All was going so well until the economic crisis of 2008, now in the ongoing aftermath the propaganda has redoubled to convince ordinary people that everything is in order. Distraction techniques have been used to shift blame on to scroungers/smokers and the overweight/obese making too mant demands on the infrastructure of society.
Sorry to be so cynical, but at the momentm, I can only see things ending badly, unless those in control come to their senses and realise that ultimately they have the most to lose…
Richard, your valuable contribution, country-by-country reporting is important and achievable, but it is not sufficient to stop the onslaught on democracy. Are there any other ideas out there.
No, it’s just one tool
Carol
One way would be to put in place various systems and mechanisms that would make the policy process (i.e. formulation, implementation, evalution/oversight)across government and within government departments and agencies more open and plural. For example, by stipulating that all advisory groups and regulatory bodies must adequately represent the views of all of the primary stakeholders in a particular policy area. So, the Board of HMRC would not simply consist of the represeantives of big business, but SMEs and individual taxpayers (and yes, I know we could argue about how the latter would be represented, but it isn’t difficult to resolve).

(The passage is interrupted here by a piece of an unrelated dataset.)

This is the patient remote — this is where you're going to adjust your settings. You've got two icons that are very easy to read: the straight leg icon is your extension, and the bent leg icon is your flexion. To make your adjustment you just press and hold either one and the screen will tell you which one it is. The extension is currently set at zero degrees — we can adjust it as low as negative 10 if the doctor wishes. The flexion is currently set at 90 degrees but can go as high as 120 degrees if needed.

Another that George Monbiot promotes, is that all think tanks (e.g. Policy Exchange, Adam Smith Institute, IPPR, etc) should be forced to publish where their funding comes from so that the public can see what/who might be driving/influencing their work.
A comprehensive register of lobbying companies – not the deeply compromised version the government are supporting – would be another.

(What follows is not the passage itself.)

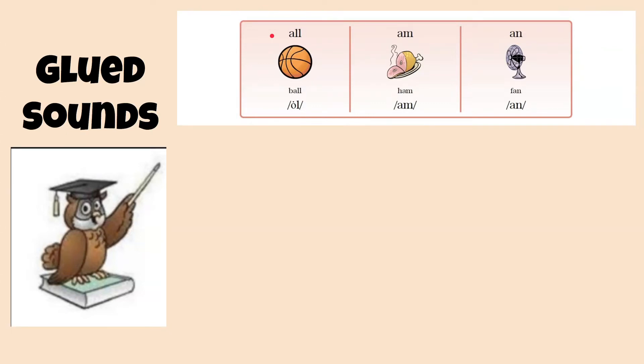Hello, boys and girls. Today we're going to practice three of our new glued sounds. Go ahead and say them with me. I'll do this twice.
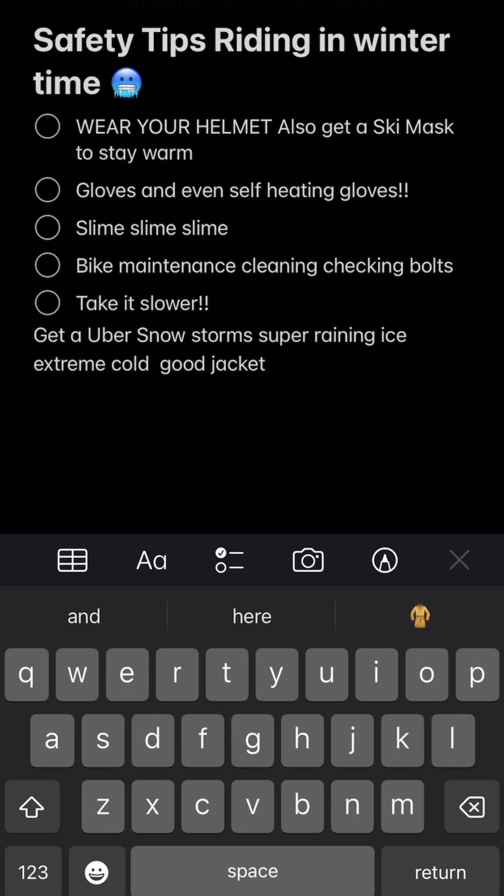Number two: gloves, and even self-heating gloves. My commute was only about 10-20 minutes, but I definitely recommend self-heating gloves. They're a little more expensive but they're all rechargeable, and they help a lot in the winter time when your hands get cold. Also, some jackets have a piece of cloth that goes over your hand that you can wear along with your glove, which is great.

The extension of FoI law to all organisations delivering any form of publicly funded service.
Public funding of political parties and strict limits set on the amount (in cash or in kind) that any individual or organisation can donate/provide to a politician or political party.
The City of London turned into a normal local authority.

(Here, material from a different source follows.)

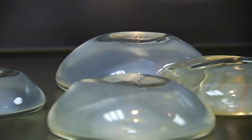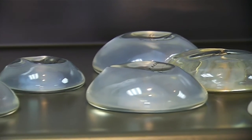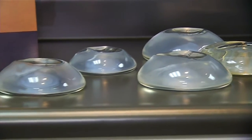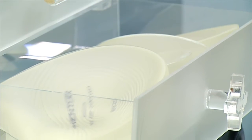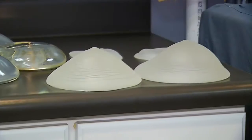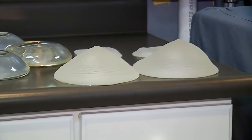And how do you know what to use? They have sizers nowadays that facilitate that. In the past, we used to just put the sample implants in there and see how it looks, and then go from size to size. So let me just show you.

None of these are original suggestions. All have been promoted before – some for many years – and all routinely blocked by those who would see their power and influence weaken as a result.
“Public funding of political parties and strict limits set on the amount (in cash or in kind) that any individual or organisation can donate/provide to a politician or political party.”
Which would hand a huge, eyewatering bonus to those already in power. They wouldn’t even need to ask for donations if the taxpayer had to pay. It would simply freeze out other parties without access to cash.
I have to say I find it difficult to equate Waitrose and World Domination. Not least given that it is owned by its employees. Hardly a bastion of right wing capitalism! I wonder perhaps if your poor reception caused you to inadvertantly take a comment out of context? I don’t know as I did not hear the piece.
I do not equate the man and Waitrose
I equate the man and the view
Richard, is that in the same way you separate Bill Dodwell, for example, from Deloitte or even the Big 4?
No
He clearly was not speaking for Waitrose on that issue – which is only a national company
No
He clearly was not speaking for Waitrose on that issue – which is only a national company
Corporatism = Fascism and Fascism = Corporatism? Maybe, maybe not, but Mussolini did say “Fascism should more properly be called corporatism, for it is a merger of corporate and government power.”
What we are certainly seeing, as noted by several people on this blog, is the growth and strengthening of the neo-feudal state, and so the enserfment of the many, right up to the whole 99%.
“A comprehensive register of lobbying companies — not the deeply compromised version the government are supporting — would be another”
http://www.powerbase.info/index.php/Main_Page
Just click on the words on the right hand side.
It is really amazing, given the wide spread of the various names, how the same private organisation keep cropping-up.
The adam smith institute seems to be in a lot of places.